I think it's nearly impossible to say until it happens, what you would do. It all depends on how strong the feelings are for the other person and what state the relationship is in.


----------



## DymondButterfly (Apr 5, 2007)

My fiance and I say the same thing and tell each other this all the time. We talk about how after we die the children will look up to the sky and see us there in the stars..together forever. Yeah, sappy, huh?  /emoticons/[email protected] 2x" width="20" height="20" />

But this all came after I was in a situation very similar to the basis of this thread. I was in a relationship with a man that I loved. I honestly loved him. Then one day at work I spotted this man. It was a connection like I've never had with another human being ever. I knew he was my soul mate, and even though I was in relationship I knew I had to pursue my instincts about this new man. And now we are engaged and trying to have children. It's amazing!

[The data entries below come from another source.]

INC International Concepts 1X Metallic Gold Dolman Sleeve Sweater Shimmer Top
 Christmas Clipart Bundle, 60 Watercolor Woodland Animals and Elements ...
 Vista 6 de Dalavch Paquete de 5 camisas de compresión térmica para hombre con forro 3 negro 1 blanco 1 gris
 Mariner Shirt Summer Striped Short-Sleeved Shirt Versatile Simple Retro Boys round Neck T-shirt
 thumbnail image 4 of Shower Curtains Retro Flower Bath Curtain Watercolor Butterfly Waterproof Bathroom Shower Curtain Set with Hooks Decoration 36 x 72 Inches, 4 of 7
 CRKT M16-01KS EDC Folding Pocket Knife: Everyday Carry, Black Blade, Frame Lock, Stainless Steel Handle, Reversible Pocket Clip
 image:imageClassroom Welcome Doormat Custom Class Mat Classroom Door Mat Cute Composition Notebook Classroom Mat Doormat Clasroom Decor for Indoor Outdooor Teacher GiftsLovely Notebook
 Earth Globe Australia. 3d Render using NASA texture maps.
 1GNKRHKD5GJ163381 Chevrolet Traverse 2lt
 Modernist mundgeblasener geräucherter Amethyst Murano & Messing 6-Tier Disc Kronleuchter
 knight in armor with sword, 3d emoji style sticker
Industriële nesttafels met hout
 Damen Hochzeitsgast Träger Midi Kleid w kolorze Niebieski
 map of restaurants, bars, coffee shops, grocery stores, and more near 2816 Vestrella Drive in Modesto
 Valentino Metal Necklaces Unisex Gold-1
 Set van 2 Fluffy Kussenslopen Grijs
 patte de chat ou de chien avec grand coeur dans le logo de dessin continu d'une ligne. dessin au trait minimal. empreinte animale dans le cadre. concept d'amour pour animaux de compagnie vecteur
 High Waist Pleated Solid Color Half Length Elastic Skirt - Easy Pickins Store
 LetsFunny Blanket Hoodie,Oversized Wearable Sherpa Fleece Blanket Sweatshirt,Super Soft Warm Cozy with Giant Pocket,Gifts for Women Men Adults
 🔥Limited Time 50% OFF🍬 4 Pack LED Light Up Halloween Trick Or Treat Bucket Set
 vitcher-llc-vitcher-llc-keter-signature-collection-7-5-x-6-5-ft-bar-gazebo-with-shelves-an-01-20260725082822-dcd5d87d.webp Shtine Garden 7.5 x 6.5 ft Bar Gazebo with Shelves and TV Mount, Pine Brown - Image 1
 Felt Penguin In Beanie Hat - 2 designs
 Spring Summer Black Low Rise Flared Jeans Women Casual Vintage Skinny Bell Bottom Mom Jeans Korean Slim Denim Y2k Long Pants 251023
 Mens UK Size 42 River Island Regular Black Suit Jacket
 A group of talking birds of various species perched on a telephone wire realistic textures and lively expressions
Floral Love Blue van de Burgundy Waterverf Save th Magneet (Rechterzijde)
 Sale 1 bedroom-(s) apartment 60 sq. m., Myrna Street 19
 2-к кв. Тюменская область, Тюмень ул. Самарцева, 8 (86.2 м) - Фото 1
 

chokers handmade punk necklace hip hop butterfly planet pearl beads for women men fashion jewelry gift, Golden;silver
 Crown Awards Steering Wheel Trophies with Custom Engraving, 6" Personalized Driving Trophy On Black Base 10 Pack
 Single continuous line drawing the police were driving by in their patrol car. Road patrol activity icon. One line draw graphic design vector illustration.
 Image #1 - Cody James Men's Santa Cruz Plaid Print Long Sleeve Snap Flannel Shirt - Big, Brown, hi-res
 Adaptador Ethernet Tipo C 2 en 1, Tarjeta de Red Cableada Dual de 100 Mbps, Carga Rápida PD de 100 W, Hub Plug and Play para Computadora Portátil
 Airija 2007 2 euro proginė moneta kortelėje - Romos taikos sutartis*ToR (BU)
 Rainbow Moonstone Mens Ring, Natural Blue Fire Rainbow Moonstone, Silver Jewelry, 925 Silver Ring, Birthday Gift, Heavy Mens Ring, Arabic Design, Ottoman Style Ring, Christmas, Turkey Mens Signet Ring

But of course this was the biggest moral dilemma I've ever faced in my life. On one side I had the voice of society saying, "Your boyfriend takes care of you, he loves you, you've been together for three years, you need to do the right thing and stay." On the other side I had my instincts telling me this new guy was my soul mate, I couldn't let him get away. In the end I told my current boyfriend that I had been seeing someone else (even though it was only for lunch twice and dinner once and the other guy knew about my boyfriend). I definitely wouldn't date two men at the same time, I just couldn't do that. But I felt a connection with the new guy that I couldn't give up either.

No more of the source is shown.